Mozart also blended Masonic elements into the character of Sarastro, and the male-dominated cult that Sarastro leads. The same can be said of the then-very-hip-philosophy of Enlightenment. Both Freemasonry and Enlightenment were things Mozart was dabbling in at the time.

In Magic Flute, Mozart created a world of his own making, borrowing icons and philosophies from many cultures and mashing them up together. It's an opera melting pot.

Sarastro's first aria, O Isis und Osiris, is yet another religious reference: this time to Egyptian mythology. In the aria, Sarastro invokes the goddess Isis and her brother Osiris - which here are pronounced Ee-zees and Oh-zee-rees because it's an opera in German.

Sarastro asks for the gods' protection of the two lovers Tamino and Pamina. Those two are about to undergo a period of testing in order to be accepted into Sarastro's sect.

In contrast to the Queen of the Night's bombastic arias, Sarastro's arias are slow and, well, very church-y. It invokes the more stayed, reserved, reasoned, four part hymns of the reformed protestant churches.

In the text, Sarastro starts off with the goddess Isis, asking her to protect the two in their journey. In the second verse, he asks the god Osiris, god of the dead, to accept them in the afterlife if they should perish.

After each verse, the chorus echoes Sarastro's last line. It's very reverential, much more like a Lutheran church service than anything Egyptian.

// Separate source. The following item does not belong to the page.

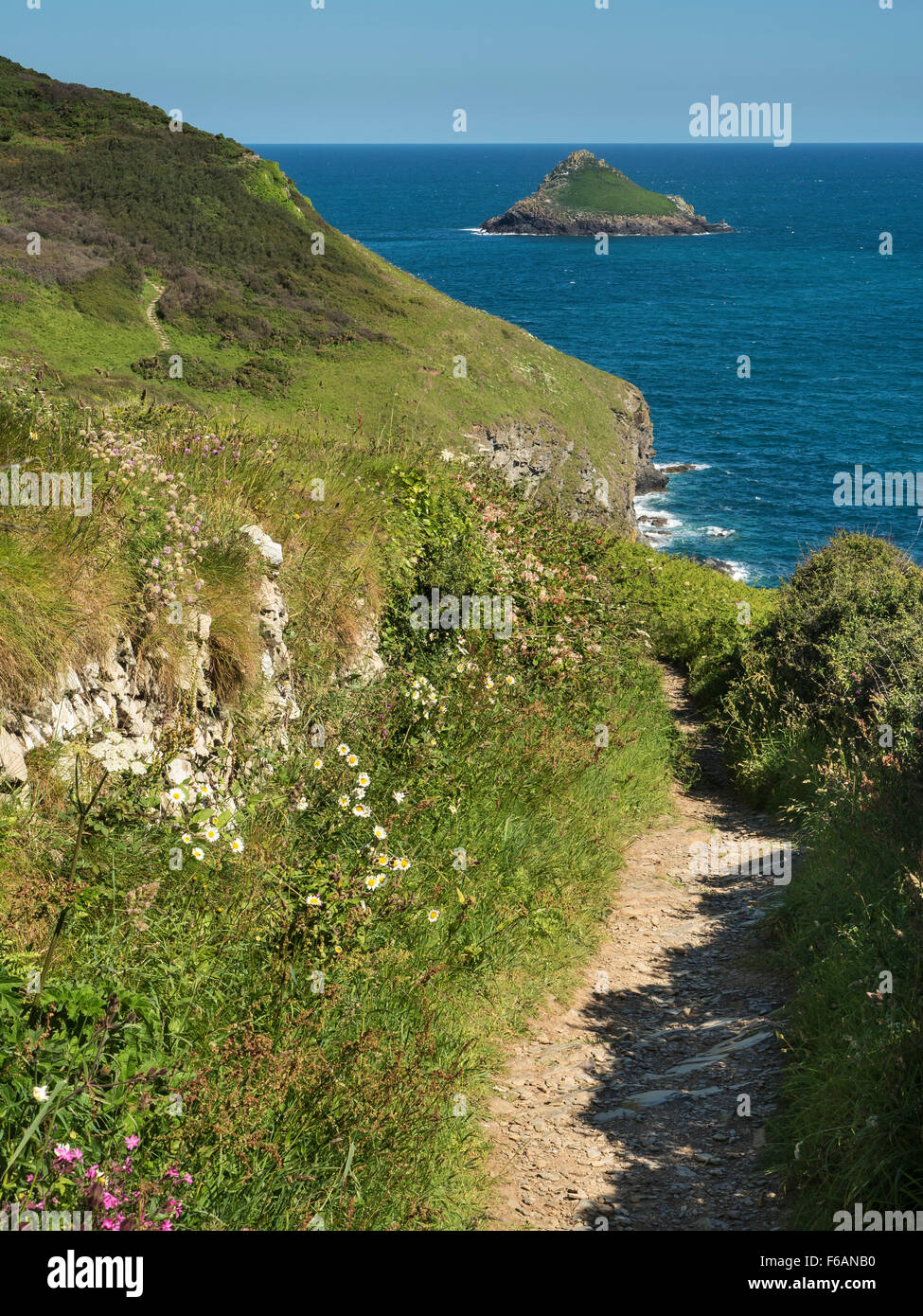 The South West Coast Path near the Rumps and Pentire Point, North Cornwall Stock Photo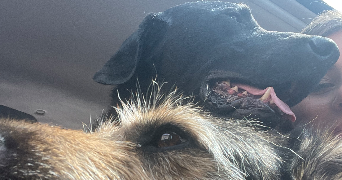 maëlane pet sitter à PARIS 18 75018_2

The music is pretty straightforward and uncomplicated. It's tuneful, short, and easy to learn, especially since it does not go very high, which means that some young singers can attempt it. It does, however, go low. Very low. Like, low-F-low.

This makes it a prized aria for basses and bass-baritones. It's something just for them, something that baritones can't do. And with it's long legato line and short duration, it makes a decent audition aria.

I personally have been singing this aria since high school. So I'm happy to present it for you here on Singerreise!